John-Manuel Andriote

 

SONNY BOY: A Memoir
by Al Pacino
Penguin Press. 384 pages, $35.

 

In light of the “Godfather” trilogy (1972–1990) and the other roles he’s played in seventy films, you probably didn’t expect a book by Al Pacino to show up in an LGBT magazine. And yet his new memoir, Sonny Boy—which is the kind of memoir that celebrities write when they know the end is near—has earned its place in The G&LR. In a chapter titled “Maximum Velocity,”  Pacino reflects on his two contributions to gay cinema, one positive, the other not so much.

            In Sidney Lumet’s classic film Dog Day Afternoon (1975), Pacino played an inept criminal whose sole reason for robbing a bank is to get the money needed for his lover’s sex-change operation. Pacino describes his character as “complex”: “a man with a wife and kids who also happens to be in an affair with a person who identifies as a woman, and who today we would understand as transgender.” To be sure, a ghost writer may have helped the 84-year-old legend articulate that sentiment, but it shows a real sensitivity to the comically tragic protagonist.

            Then there’s the 1980 movie Cruising, a despicable film about which Pacino is more circumspect, even embarrassed, devoting only three paragraphs to this plunge into the dark underside of gay life. The thriller was picketed by activists for its gory homophobia involving “an unknown killer who is menacing men in the gay clubs of Manhattan.” Pacino recounts how protesters blocked the production in the summer of 1979 and that he received “bomb threats and had to have bodyguards protect me.” Pacino regrets Cruising as an “exploitative film” and donated his entire salary to charity.

Colin Carman

 

INVASION OF THE DAFFODILS
by Dino Enrique Piacentini
Astrophil Press. 263 pages, $17.95

 

Dino Enrique Piacentini’s debut novel is an intergenerational tale of Mexican-American families living on an island off the coast of California during the early 1950s. Self-consciously drawing on florid prose and macabre surrealism, the fable-like narrative centers on the trials and tribulations of a teenage boy, Chico Flores, who stumbles upon a crate filled with daffodil bulbs. He and his brother sell off the stash of plants throughout the island. Before long, the shoots begin splintering rocks, porches, pipes, buildings, docks, even the church. The destruction disrupts the tourist economy, threatening the livelihood of the Italian business owners and bankers. What’s more, pollen from the flowers burns the skin of white inhabitants, though the Mexican families find the daffodils fragrant, harvesting them for contraband—further deepening racial fissures.

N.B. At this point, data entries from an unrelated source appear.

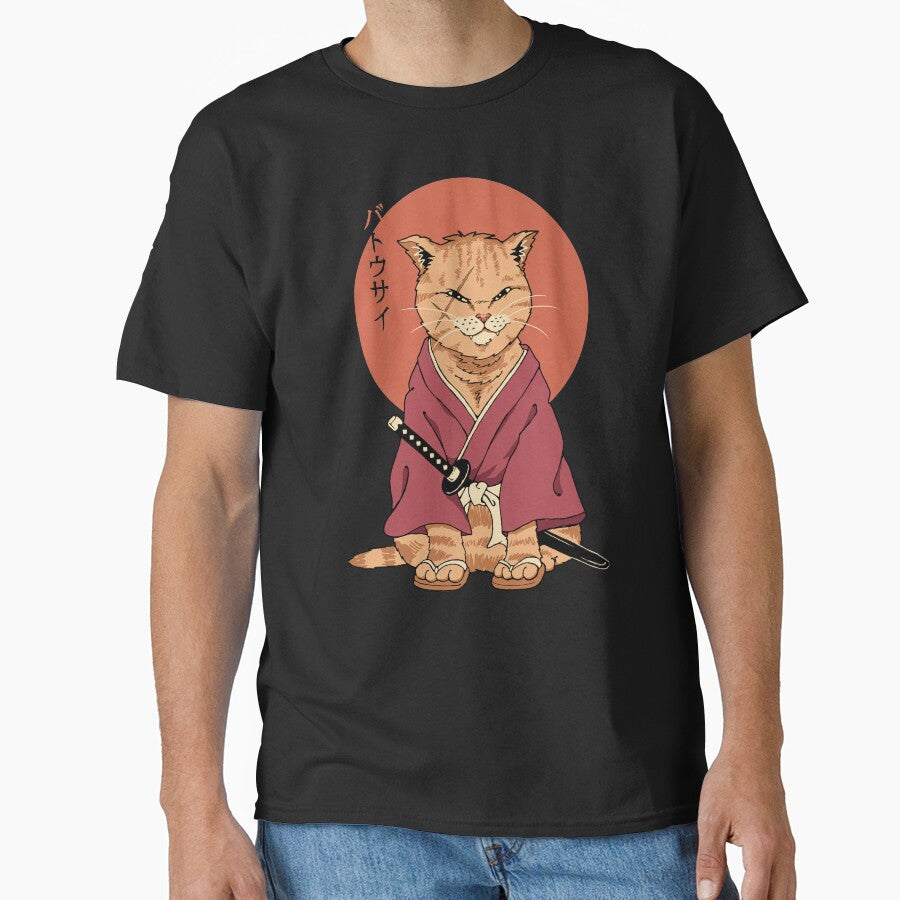 Neko Battousai by vincenttrinidad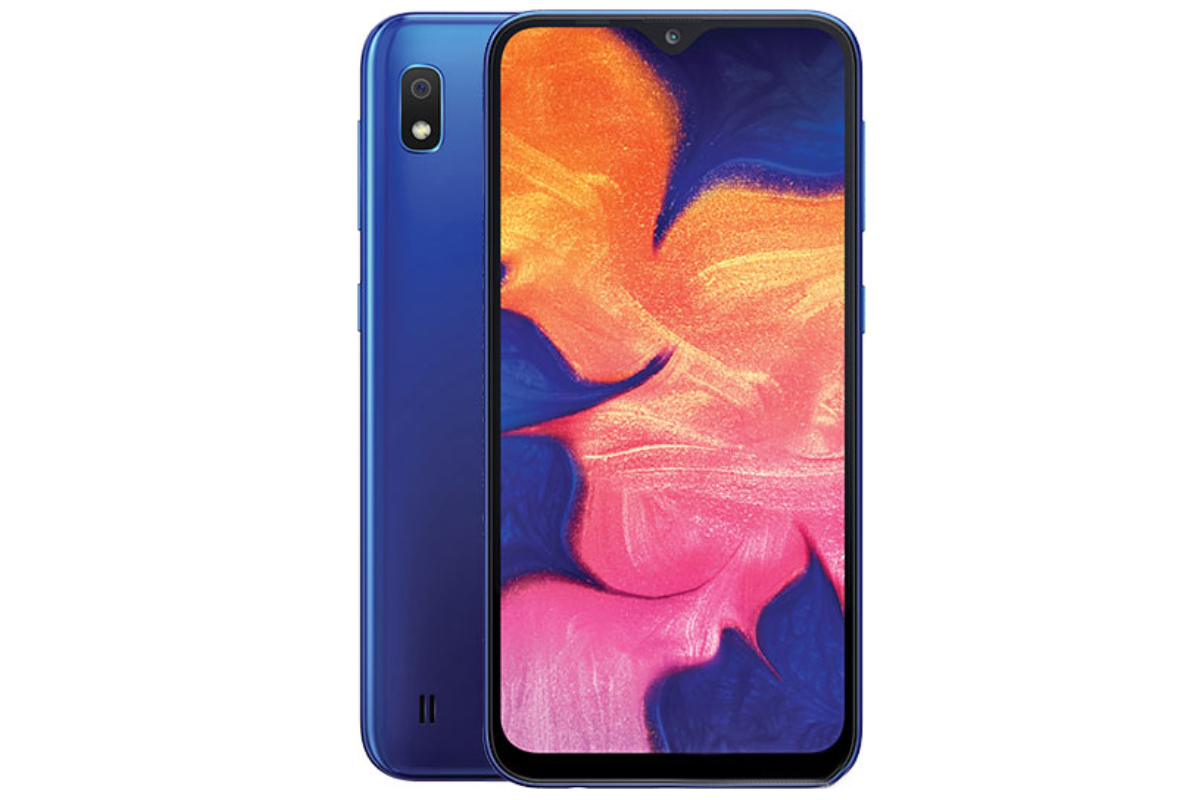 Samsung Galaxy A10 price in Pakistan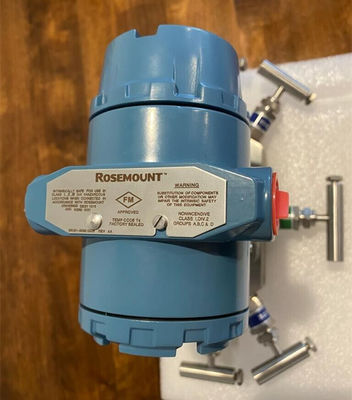 ROSEMOUNT 3051CD3A02A1AS5E5M5 差圧トランスミッター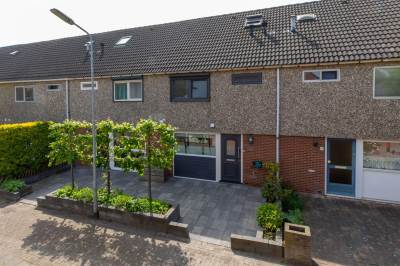 Woning Gervinsland 57 Middelburg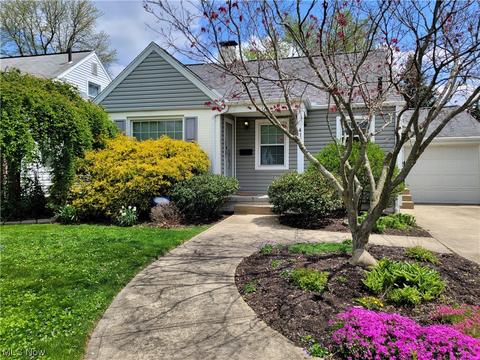 416 NW Poplar Ave NW, Canton, OH 44708 photo 1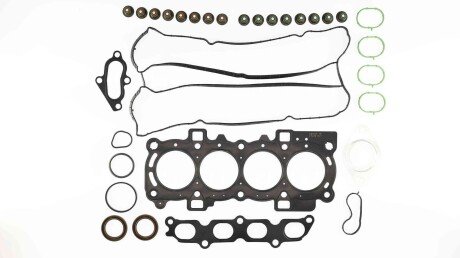 Комплект прокладок, головка циліндра FORD 1,4 16V 08-13 corteco 83403424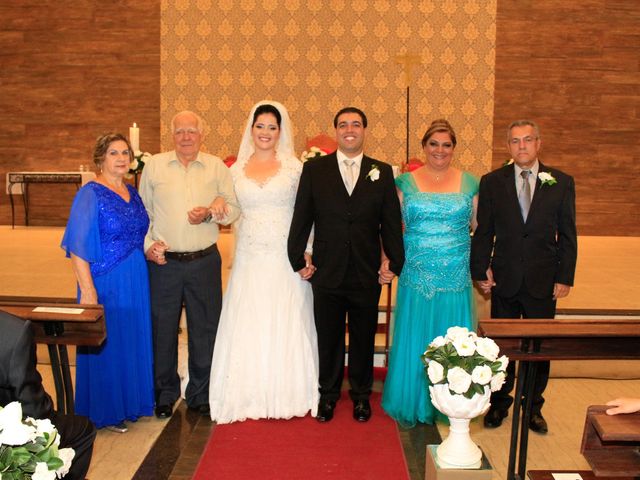O casamento de Marcelo e Gabriella em Belo Horizonte, Minas Gerais 104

            The chaos generated by the mysterious bulbs serves as a backdrop for the drama of a young boy who is grappling with his gay sexuality. The teen’s domestic life is another challenge: he is living with his senile grandmother, ailing father, double amputee war veteran brother (who’s dealing with PTSD), and a sister who works three jobs to support the family. Not only is Chico blamed for unleashing the horrific flowers, but his stumbling schoolboy desire adds to his isolation. Eventually, innuendo about his behavior escalates into violence.

            Despite poverty, racism, and homophobia, Piacentini’s characters are convincingly resilient and tenacious. Miraculously, they maintain hope for the future. The marauding wildflowers fade and wither away, but the lives on the island have been changed forever. Piacentini’s novel, a colorful variation on magic realism, offers an immersive reading experience.